### YOUR OBJECTIVE:
Exact copies of all records below are needed.
=== INPUT DATA ===
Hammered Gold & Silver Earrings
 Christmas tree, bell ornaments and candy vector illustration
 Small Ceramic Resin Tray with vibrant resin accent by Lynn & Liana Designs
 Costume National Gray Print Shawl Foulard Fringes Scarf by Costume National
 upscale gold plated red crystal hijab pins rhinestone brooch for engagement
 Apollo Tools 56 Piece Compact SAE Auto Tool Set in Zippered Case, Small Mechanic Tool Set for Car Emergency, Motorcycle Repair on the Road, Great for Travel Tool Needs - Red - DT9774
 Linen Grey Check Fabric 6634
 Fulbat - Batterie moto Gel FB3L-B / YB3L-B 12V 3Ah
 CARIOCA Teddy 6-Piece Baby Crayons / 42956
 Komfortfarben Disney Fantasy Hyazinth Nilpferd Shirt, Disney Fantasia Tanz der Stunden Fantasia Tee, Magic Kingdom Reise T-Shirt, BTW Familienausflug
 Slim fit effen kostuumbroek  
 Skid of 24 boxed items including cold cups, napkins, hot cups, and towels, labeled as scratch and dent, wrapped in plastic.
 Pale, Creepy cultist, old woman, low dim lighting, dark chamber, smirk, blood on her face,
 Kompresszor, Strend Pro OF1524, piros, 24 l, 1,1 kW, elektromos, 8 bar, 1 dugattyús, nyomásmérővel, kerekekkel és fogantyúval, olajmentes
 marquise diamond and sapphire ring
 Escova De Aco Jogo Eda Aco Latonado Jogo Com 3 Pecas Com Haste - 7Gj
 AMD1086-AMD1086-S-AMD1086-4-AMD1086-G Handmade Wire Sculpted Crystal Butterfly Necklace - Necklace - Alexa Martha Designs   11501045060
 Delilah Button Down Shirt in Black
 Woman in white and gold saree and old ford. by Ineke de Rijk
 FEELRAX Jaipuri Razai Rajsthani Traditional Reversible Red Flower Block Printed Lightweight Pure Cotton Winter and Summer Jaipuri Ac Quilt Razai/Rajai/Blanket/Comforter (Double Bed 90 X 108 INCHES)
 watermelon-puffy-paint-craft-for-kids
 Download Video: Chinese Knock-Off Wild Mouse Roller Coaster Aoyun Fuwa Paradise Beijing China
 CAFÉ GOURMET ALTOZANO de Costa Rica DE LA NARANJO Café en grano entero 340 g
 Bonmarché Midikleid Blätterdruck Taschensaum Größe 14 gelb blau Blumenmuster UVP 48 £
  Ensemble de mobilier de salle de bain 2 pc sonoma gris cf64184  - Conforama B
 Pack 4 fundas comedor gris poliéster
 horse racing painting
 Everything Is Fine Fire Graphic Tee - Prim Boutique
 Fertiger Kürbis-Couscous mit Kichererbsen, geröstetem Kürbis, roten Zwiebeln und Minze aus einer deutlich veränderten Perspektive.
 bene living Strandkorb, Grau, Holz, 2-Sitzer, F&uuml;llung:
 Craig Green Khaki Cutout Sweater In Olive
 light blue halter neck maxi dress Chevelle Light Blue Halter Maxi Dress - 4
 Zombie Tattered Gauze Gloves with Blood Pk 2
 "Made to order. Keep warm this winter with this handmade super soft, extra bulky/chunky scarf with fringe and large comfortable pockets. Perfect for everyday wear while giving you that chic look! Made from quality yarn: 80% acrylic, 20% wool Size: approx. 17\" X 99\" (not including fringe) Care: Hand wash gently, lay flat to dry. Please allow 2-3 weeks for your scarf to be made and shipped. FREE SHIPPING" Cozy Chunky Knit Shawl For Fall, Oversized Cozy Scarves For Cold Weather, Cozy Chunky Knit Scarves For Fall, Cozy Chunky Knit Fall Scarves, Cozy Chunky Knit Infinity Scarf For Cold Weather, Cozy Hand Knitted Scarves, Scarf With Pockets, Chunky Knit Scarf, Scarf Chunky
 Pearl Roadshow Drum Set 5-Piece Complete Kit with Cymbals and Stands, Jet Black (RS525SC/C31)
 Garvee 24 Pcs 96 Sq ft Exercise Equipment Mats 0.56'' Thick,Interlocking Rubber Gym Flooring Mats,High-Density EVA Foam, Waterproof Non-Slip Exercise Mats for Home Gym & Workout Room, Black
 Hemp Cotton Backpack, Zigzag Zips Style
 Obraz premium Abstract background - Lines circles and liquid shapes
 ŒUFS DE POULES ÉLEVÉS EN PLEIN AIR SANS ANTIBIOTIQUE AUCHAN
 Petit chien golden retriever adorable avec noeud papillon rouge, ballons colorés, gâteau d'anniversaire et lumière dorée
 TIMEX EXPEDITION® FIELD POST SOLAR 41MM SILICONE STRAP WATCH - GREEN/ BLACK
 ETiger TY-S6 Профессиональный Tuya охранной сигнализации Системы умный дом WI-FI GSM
===
### OUTPUT:
Hammered Gold & Silver Earrings
 Christmas tree, bell ornaments and candy vector illustration
 Small Ceramic Resin Tray with vibrant resin accent by Lynn & Liana Designs
 Costume National Gray Print Shawl Foulard Fringes Scarf by Costume National
 upscale gold plated red crystal hijab pins rhinestone brooch for engagement
 Apollo Tools 56 Piece Compact SAE Auto Tool Set in Zippered Case, Small Mechanic Tool Set for Car Emergency, Motorcycle Repair on the Road, Great for Travel Tool Needs - Red - DT9774
 Linen Grey Check Fabric 6634
 Fulbat - Batterie moto Gel FB3L-B / YB3L-B 12V 3Ah
 CARIOCA Teddy 6-Piece Baby Crayons / 42956
 Komfortfarben Disney Fantasy Hyazinth Nilpferd Shirt, Disney Fantasia Tanz der Stunden Fantasia Tee, Magic Kingdom Reise T-Shirt, BTW Familienausflug
 Slim fit effen kostuumbroek  
 Skid of 24 boxed items including cold cups, napkins, hot cups, and towels, labeled as scratch and dent, wrapped in plastic.
 Pale, Creepy cultist, old woman, low dim lighting, dark chamber, smirk, blood on her face,
 Kompresszor, Strend Pro OF1524, piros, 24 l, 1,1 kW, elektromos, 8 bar, 1 dugattyús, nyomásmérővel, kerekekkel és fogantyúval, olajmentes
 marquise diamond and sapphire ring
 Escova De Aco Jogo Eda Aco Latonado Jogo Com 3 Pecas Com Haste - 7Gj
 AMD1086-AMD1086-S-AMD1086-4-AMD1086-G Handmade Wire Sculpted Crystal Butterfly Necklace - Necklace - Alexa Martha Designs   11501045060
 Delilah Button Down Shirt in Black
 Woman in white and gold saree and old ford. by Ineke de Rijk
 FEELRAX Jaipuri Razai Rajsthani Traditional Reversible Red Flower Block Printed Lightweight Pure Cotton Winter and Summer Jaipuri Ac Quilt Razai/Rajai/Blanket/Comforter (Double Bed 90 X 108 INCHES)
 watermelon-puffy-paint-craft-for-kids
 Download Video: Chinese Knock-Off Wild Mouse Roller Coaster Aoyun Fuwa Paradise Beijing China
 CAFÉ GOURMET ALTOZANO de Costa Rica DE LA NARANJO Café en grano entero 340 g
 Bonmarché Midikleid Blätterdruck Taschensaum Größe 14 gelb blau Blumenmuster UVP 48 £
  Ensemble de mobilier de salle de bain 2 pc sonoma gris cf64184  - Conforama B
 Pack 4 fundas comedor gris poliéster
 horse racing painting
 Everything Is Fine Fire Graphic Tee - Prim Boutique
 Fertiger Kürbis-Couscous mit Kichererbsen, geröstetem Kürbis, roten Zwiebeln und Minze aus einer deutlich veränderten Perspektive.
 bene living Strandkorb, Grau, Holz, 2-Sitzer, F&uuml;llung:
 Craig Green Khaki Cutout Sweater In Olive
 light blue halter neck maxi dress Chevelle Light Blue Halter Maxi Dress - 4
 Zombie Tattered Gauze Gloves with Blood Pk 2
 "Made to order. Keep warm this winter with this handmade super soft, extra bulky/chunky scarf with fringe and large comfortable pockets. Perfect for everyday wear while giving you that chic look! Made from quality yarn: 80% acrylic, 20% wool Size: approx. 17\" X 99\" (not including fringe) Care: Hand wash gently, lay flat to dry. Please allow 2-3 weeks for your scarf to be made and shipped. FREE SHIPPING" Cozy Chunky Knit Shawl For Fall, Oversized Cozy Scarves For Cold Weather, Cozy Chunky Knit Scarves For Fall, Cozy Chunky Knit Fall Scarves, Cozy Chunky Knit Infinity Scarf For Cold Weather, Cozy Hand Knitted Scarves, Scarf With Pockets, Chunky Knit Scarf, Scarf Chunky
 Pearl Roadshow Drum Set 5-Piece Complete Kit with Cymbals and Stands, Jet Black (RS525SC/C31)
 Garvee 24 Pcs 96 Sq ft Exercise Equipment Mats 0.56'' Thick,Interlocking Rubber Gym Flooring Mats,High-Density EVA Foam, Waterproof Non-Slip Exercise Mats for Home Gym & Workout Room, Black
 Hemp Cotton Backpack, Zigzag Zips Style
 Obraz premium Abstract background - Lines circles and liquid shapes
 ŒUFS DE POULES ÉLEVÉS EN PLEIN AIR SANS ANTIBIOTIQUE AUCHAN
 Petit chien golden retriever adorable avec noeud papillon rouge, ballons colorés, gâteau d'anniversaire et lumière dorée
 TIMEX EXPEDITION® FIELD POST SOLAR 41MM SILICONE STRAP WATCH - GREEN/ BLACK
 ETiger TY-S6 Профессиональный Tuya охранной сигнализации Системы умный дом WI-FI GSM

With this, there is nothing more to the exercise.